Global study reveals correlation between insulin dosing irregularities, hypoglycemia


PHILADELPHIA — One-quarter of Type 2 diabetes patients do not take basal insulin as prescribed, while more than one-third suffer from hypoglycemia, according to a global survey funded by Novo Nordisk.

The Global Attitudes of Patients and Physicians survey — which surveyed online 3,042 people with Type 2 diabetes using insulin analog and 1,653 healthcare professionals across six countries — found that in the previous 30 days, 22% of Type 2 diabetes patients worldwide missed a dose of basal insulin, 24% mistimed a dose by more than two hours and 14% reduced a basal insulin dose, while 36% of those surveyed experienced a hypoglycemic event during the same time period.
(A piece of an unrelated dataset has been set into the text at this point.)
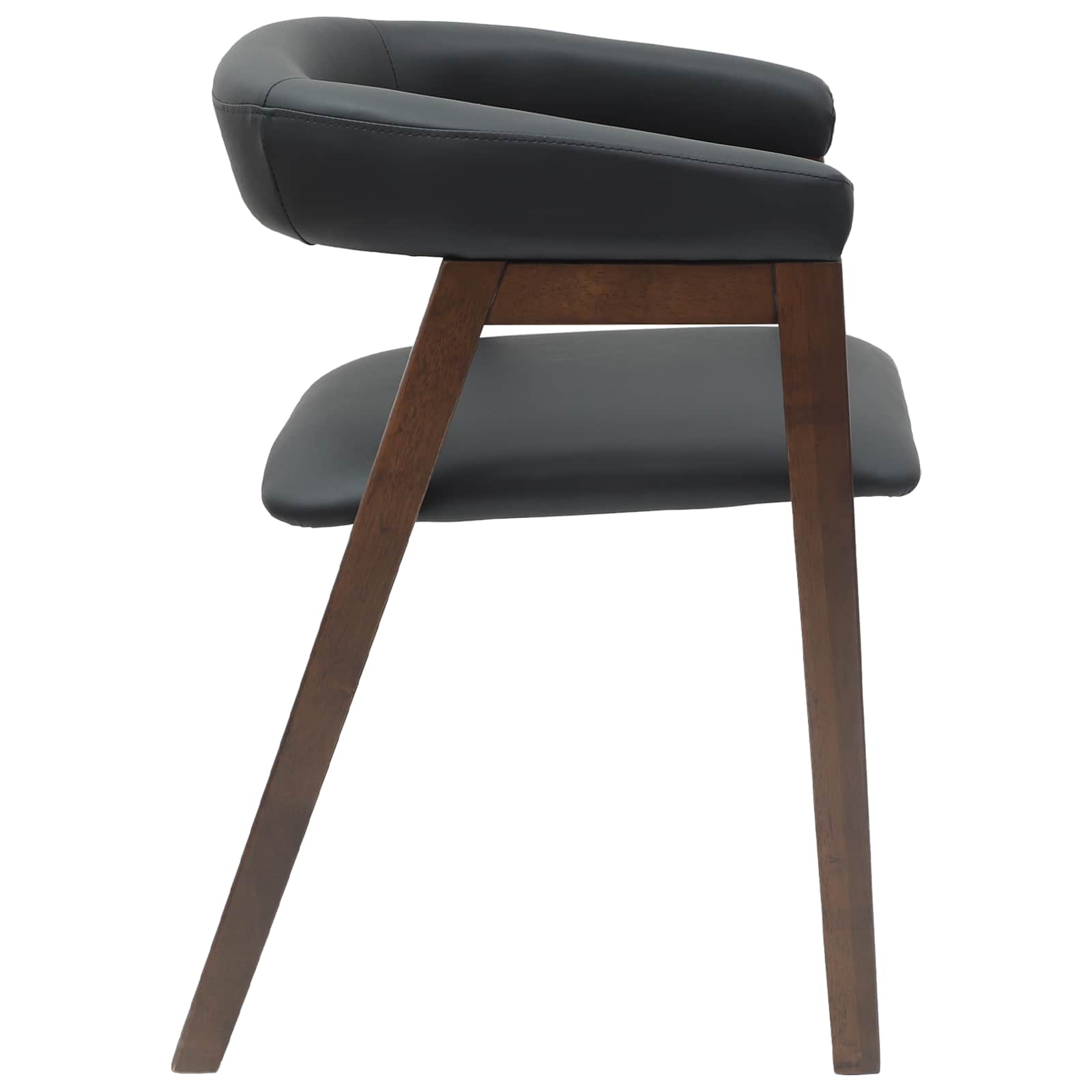 vidaXL Dining Chairs 2 pcs Solid Rubber Wood Light Brown 6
Researchers also noted a correlation between dosing irregularities and hypoglycemia while conducting the GAPP2 survey. For instance, those who missed a basal insulin dose in the past 30 days were significantly more likely to report self-treated hypoglycemia over the same period (41% compared with 34%).

"A considerable proportion of people with Type 2 diabetes are missing or mistiming their long-acting insulin," said lead researcher and health psychologist Meryl Brod of The Brod Group. "The challenges of addressing dosing irregularities and self-treated hypoglycemia are critical for improving patient care as they greatly impact the achievement of optimal glycemic control."